Adult adoption can be important “for citizenship purposes, for wills and estates and inheritance rights, for familial relationships,” Robynne points out. A parent might recognize a child as their own, for example, but if that connection has not been legally formalized and the parent dies without a will, the child will have no rights.
Ultimately, adoption is a way of legally affirming what people already feel in their hearts. “This is the most important work I do,” says Robynne.
“The really valuable thing about adoption is that the effect of an adoption order makes it as if those were your parents from birth,” she points out. “So even if you are adopted as an adult, your birth certificate will be changed, and it will reflect that those people who raised you were your parents from the moment of your birth.
“It recognizes the reality of your life, that the people who loved and cared for you are your parents,” Robynne emphasizes. “It’s a pretty powerful and meaningful thing that an adoption order is doing, which is to recognize someone as a parent from the moment of a child’s birth.”
Terry and Anne’s experience confirms this.
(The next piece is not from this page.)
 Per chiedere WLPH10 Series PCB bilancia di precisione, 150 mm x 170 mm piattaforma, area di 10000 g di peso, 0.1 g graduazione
As a young man about to be married and form a new family, he also wanted to recognize the family that had formed him. “I felt like it was time to honour that connection,” he recalls. “I wanted to honour my mother and the role she’s played all my life by formally recognizing her as my mother.
“I come from a lot of adoption,” Terry goes on. His birth mother was adopted, his half-brother was adopted by his father, he was adopted by Anne, and he’s the father to two stepchildren. He and his wife, Heather―it’s a second marriage for both―now have a blended family. “One Mother’s Day, the kids bought her a plaque that hangs in the kitchen, and it really captures our story.” The plaque defines family as those who are “not bound just by ties at birth, but by our journeys on this earth.”
As Terry says, “My mom, first as my social worker and then as my foster mother, has always journeyed with me.” Their adoption story affirms that journey.